Stats
Statistical concerns in research studies involving children (November 2, 2006).
The statistical design and analysis issues for research involving children are not really
that much different than for adults, but there are three areas that you need to pay special
attention to: sample size issue, subgroup analysis, and validity/reliability of measurements.
I want to summarize some of these issues and offer some concrete examples. The two
statistical issues boil down to validity and sample size.
Establishing validity in a study involving children
Every discipline has its own definition of validity, but in general it can be thought of
as truth-in-packaging.
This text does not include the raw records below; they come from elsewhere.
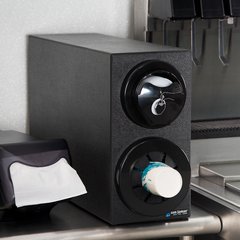 L22CS2951BK Sentry Beverage, Lid & Straw 3-Slot Dispenser Cabinet - Black  - Black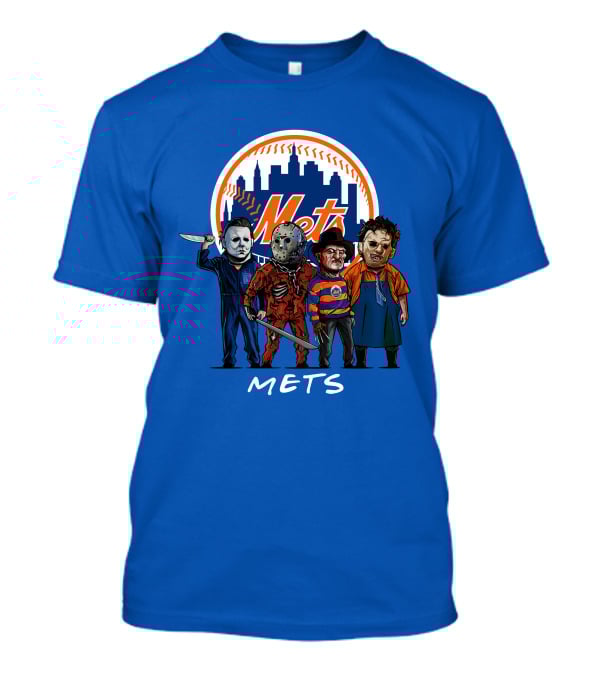 New York Mets Halloween The Slasher Squad Mets Team Characters T-Shirt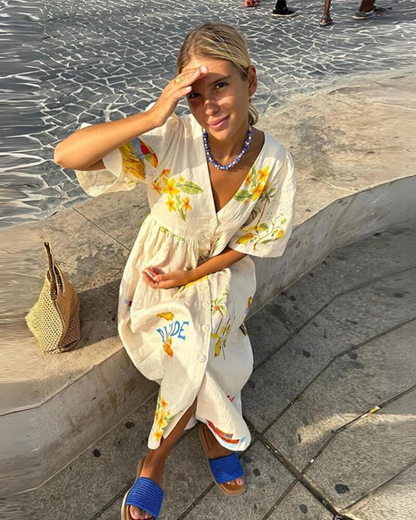 Oversized V-neck summer dress – Amara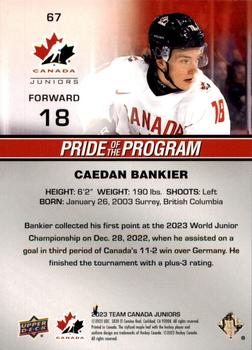 2023 Upper Deck Team Canada Juniors #67 Caedan Bankier Back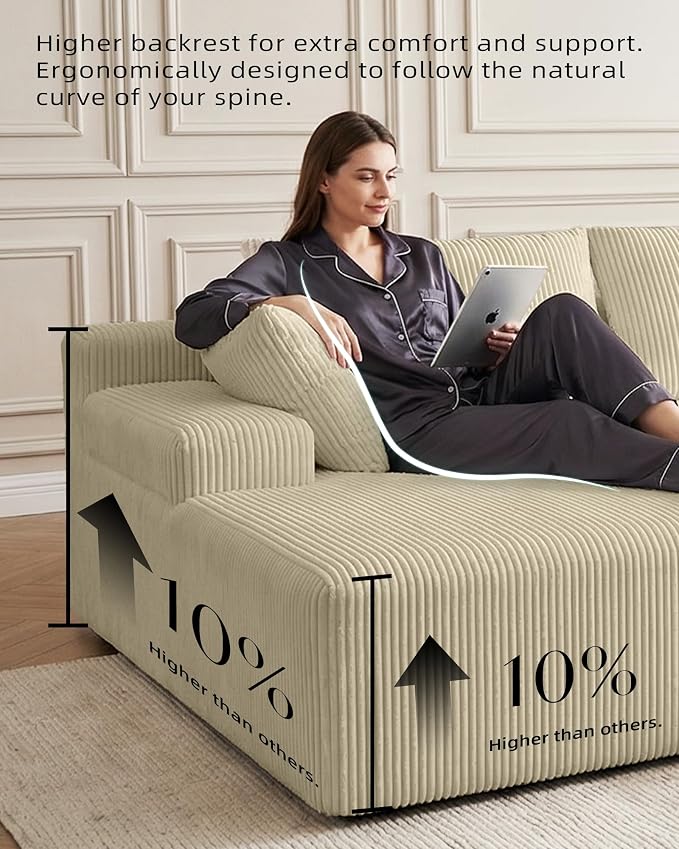 Lifelink 108" Boneless Couch L-Shaped - Modular Sectional Couches for Living Room Cloud Sofa with Deep Seat High Back Oversized Left Facing Chaise No Assembly Required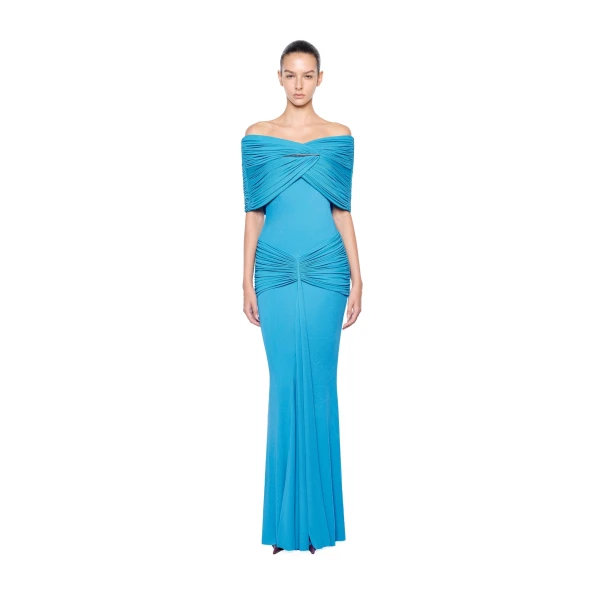 CHATS by C.Dam Sarah Dress in Cerulean Blue, view 2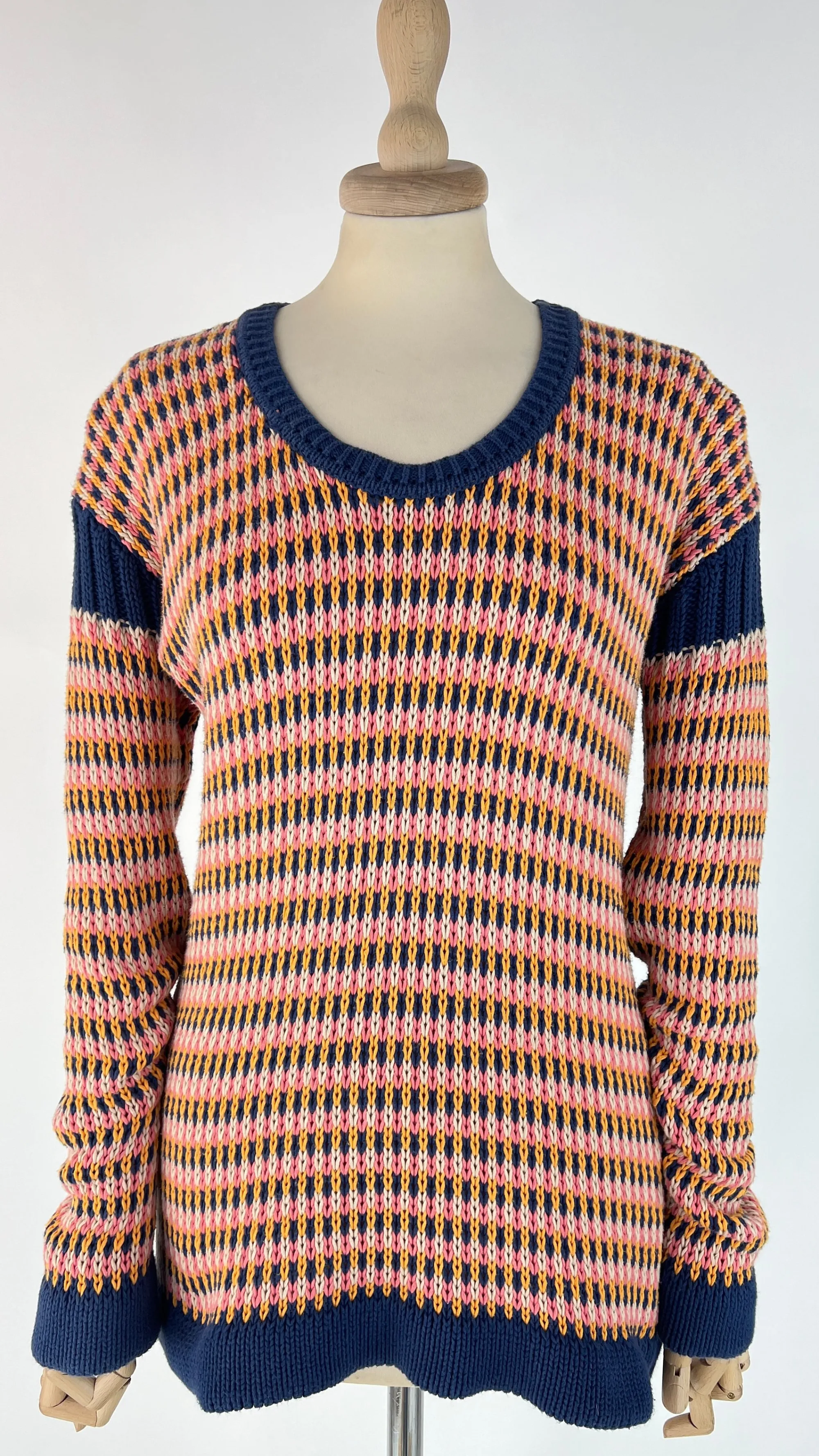 Donna Momoni Felpe E Maglieria | Fantasie>Maglia jacquard a righe multicolor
A measurement is valid if it actually measures what it is claiming to
measure. If it is measuring something else, it is not a valid measurement.
For example, there are a lot of studies looking at stress and its relationship to health.
So how do you measure stress?
-
You can look at physiologic signs.

academic.cuesta.edu/wholehealth/Level2/Lecpages/str07.htm
-
You can hook someone up to a meter that measures stress.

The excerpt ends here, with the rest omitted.